(Short text fragments from websites)
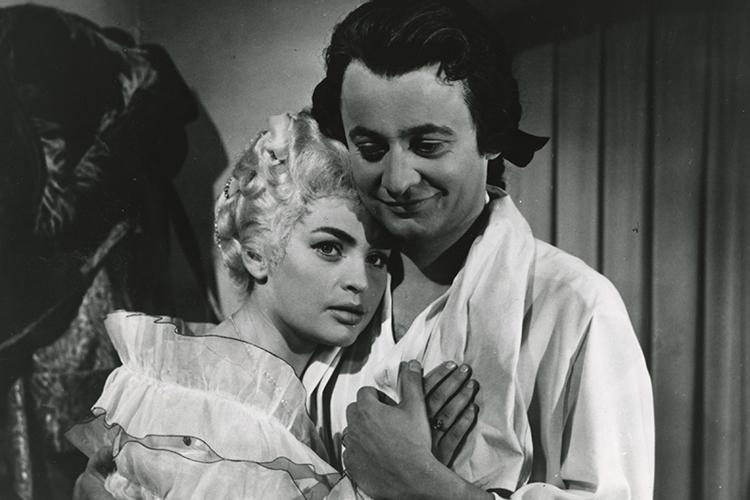 La scomparsa del maestro Roberto De Simone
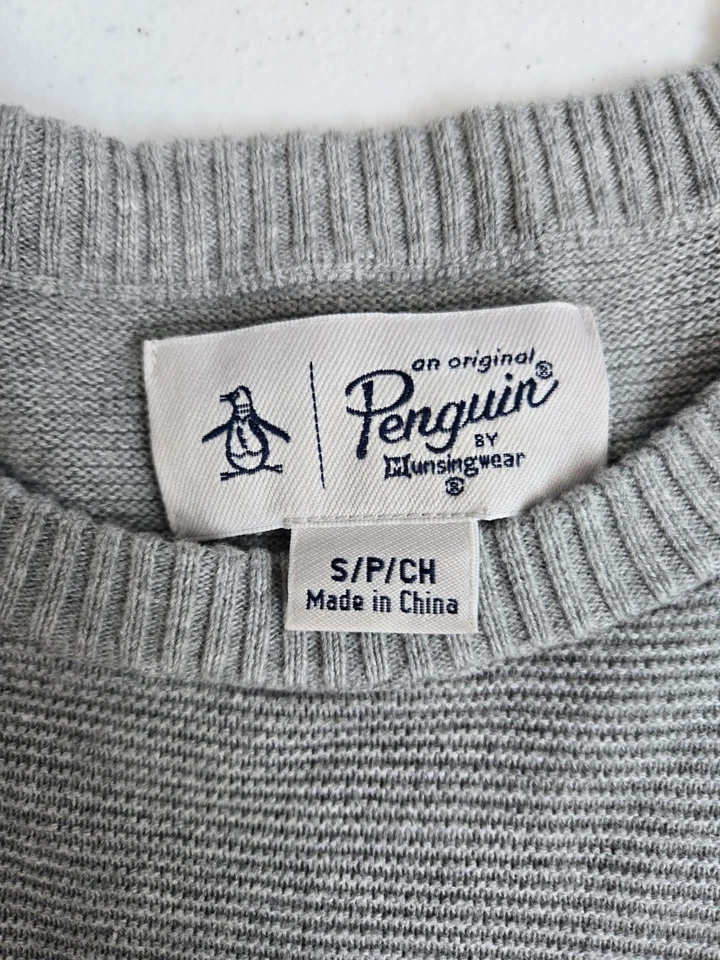 Penguin by Munsingwear 男式 S 浅灰色紧身针织罗纹圆领 LS 毛衣 — 第 2/4 张图片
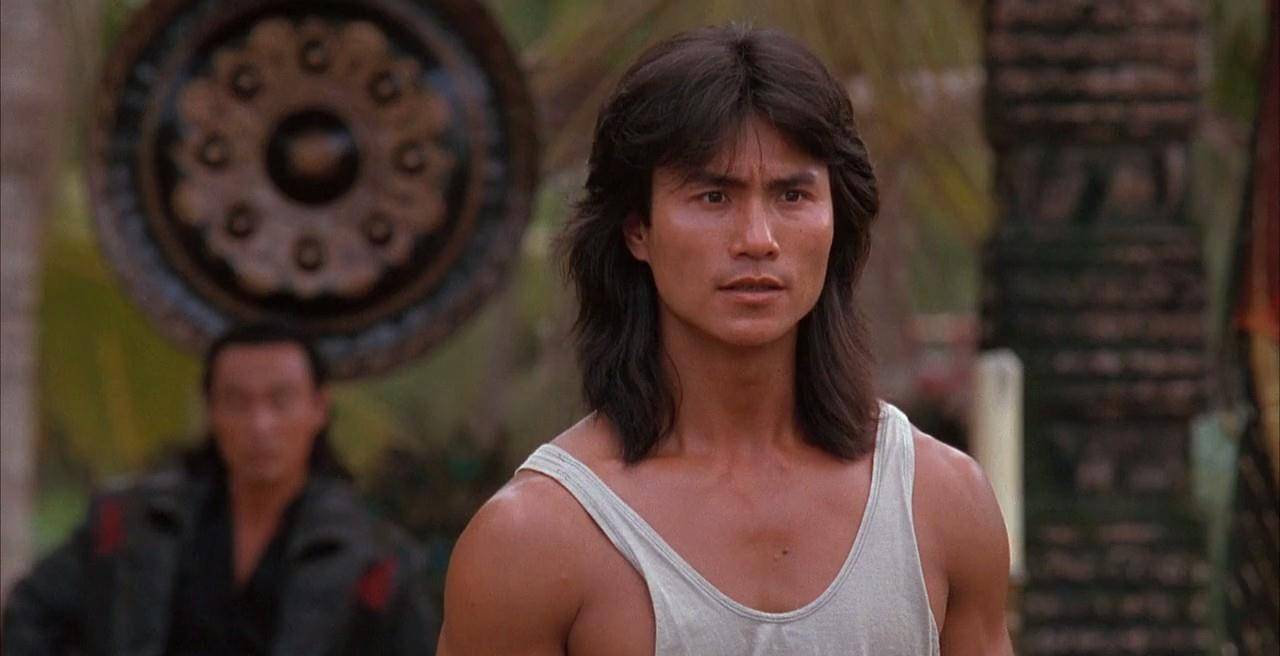 也是著名电影《格斗之王》中给人留以深刻印象的"刘康"——他就是演员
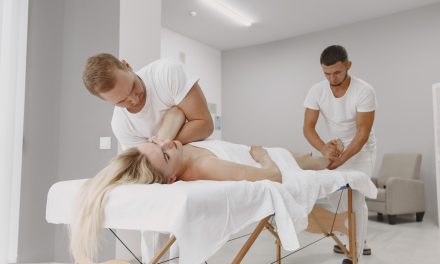 How a Deep Tissue Massager Transforms Routine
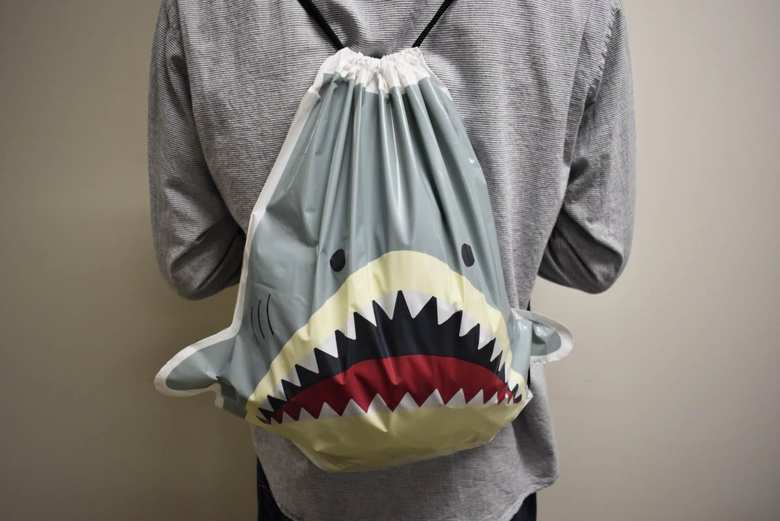 衣替えが済んだ洋服などを詰めこめば、あっというまに可愛いぬいぐるみに変身。収納も同時にできるので一石二鳥です。そのほかにも、濡れた水着やタオルを持ち運ぶときにも重宝しそうなセリア「ビニールナップサック サメ」。完全防水ではないので、ある程度水分を切ってからナップサックに入れてくださいね。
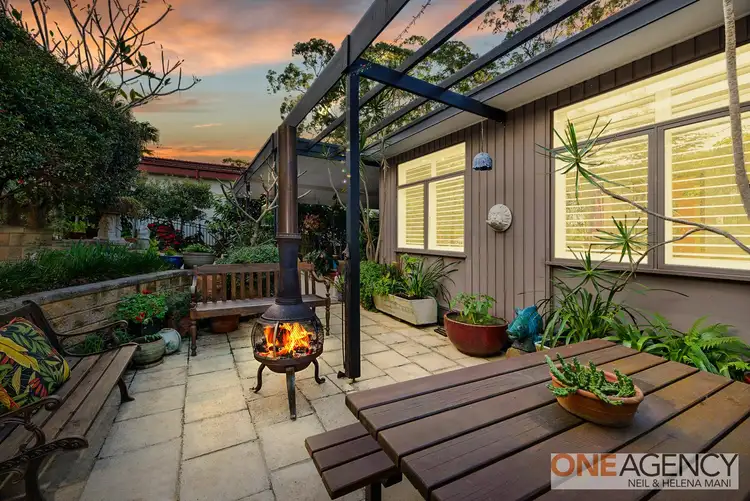 11 Bay View Avenue, East Gosford NSW 2250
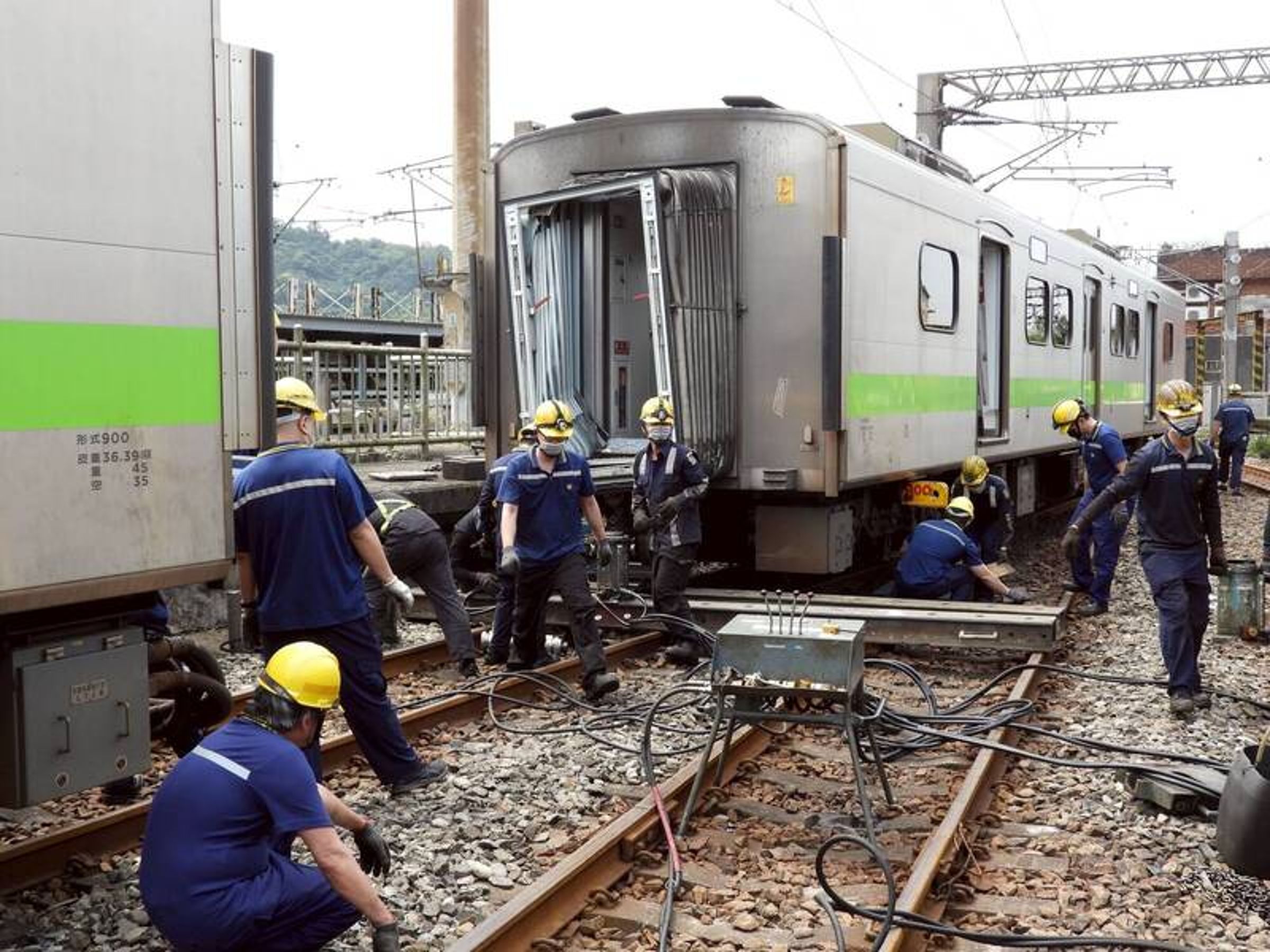 交通部次長伍勝園今日到七堵調車場視察，要求台鐵在3天內釐清事故原因。（台鐵提供）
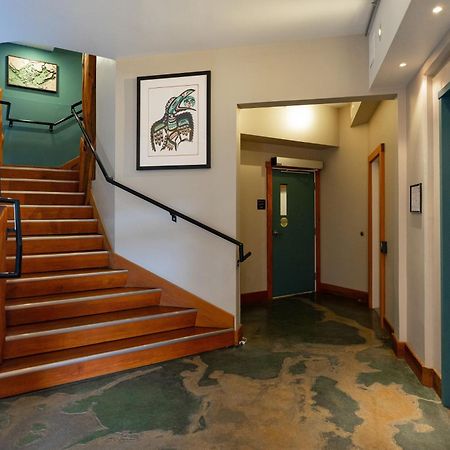 Waterfront Condo In Ucluelet Bagian luar foto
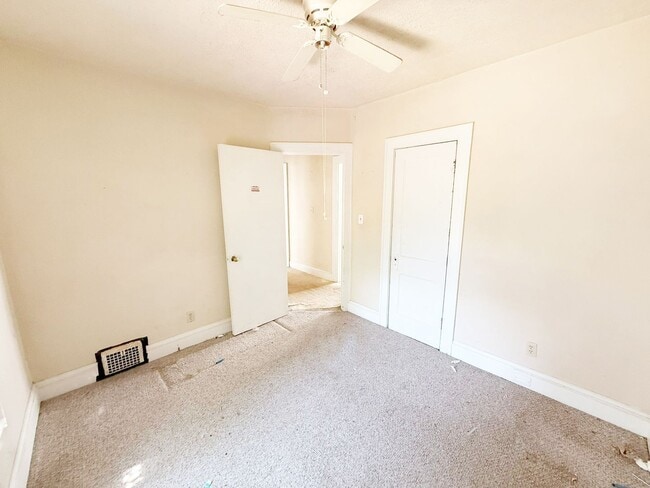 Foto del edificio - 4921 E 85th St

## Goal of the exercise
Give back all of the data exactly, but not the pictures.

## Answer below
 La scomparsa del maestro Roberto De Simone
 Penguin by Munsingwear 男式 S 浅灰色紧身针织罗纹圆领 LS 毛衣 — 第 2/4 张图片
 也是著名电影《格斗之王》中给人留以深刻印象的"刘康"——他就是演员
 How a Deep Tissue Massager Transforms Routine
 衣替えが済んだ洋服などを詰めこめば、あっというまに可愛いぬいぐるみに変身。収納も同時にできるので一石二鳥です。そのほかにも、濡れた水着やタオルを持ち運ぶときにも重宝しそうなセリア「ビニールナップサック サメ」。完全防水ではないので、ある程度水分を切ってからナップサックに入れてくださいね。
 11 Bay View Avenue, East Gosford NSW 2250
 交通部次長伍勝園今日到七堵調車場視察，要求台鐵在3天內釐清事故原因。（台鐵提供）
 Waterfront Condo In Ucluelet Bagian luar foto
 Foto del edificio - 4921 E 85th St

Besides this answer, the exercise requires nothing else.